- [Action item]:
Skip the pictures and write out, word for word, the lines below from the one with "Pond at Riverside Park – Jan Metzmaker" through the one with "How Farmers Deal", inclusive.

- [Data to examine]:
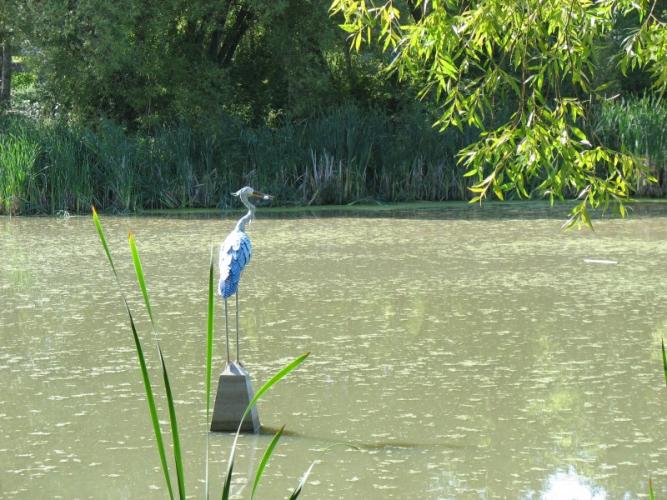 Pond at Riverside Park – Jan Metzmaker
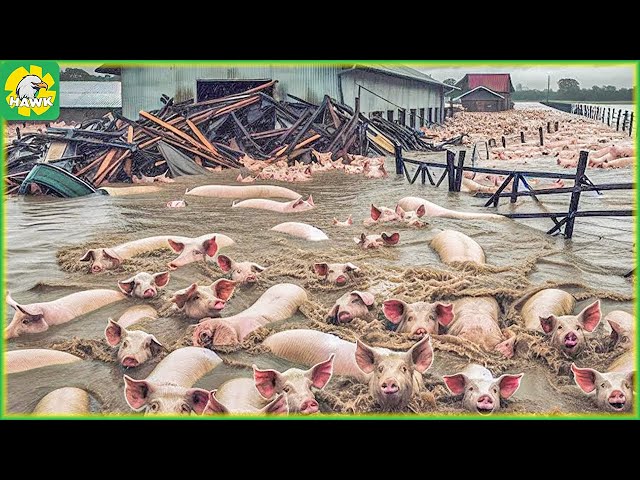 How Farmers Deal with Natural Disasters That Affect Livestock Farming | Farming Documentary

==

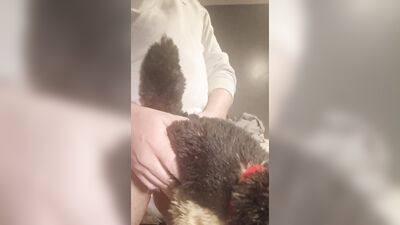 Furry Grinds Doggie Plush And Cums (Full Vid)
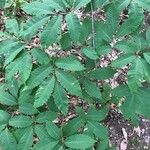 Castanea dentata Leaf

- [Reply]:
 Pond at Riverside Park – Jan Metzmaker
 How Farmers Deal with Natural Disasters That Affect Livestock Farming | Farming Documentary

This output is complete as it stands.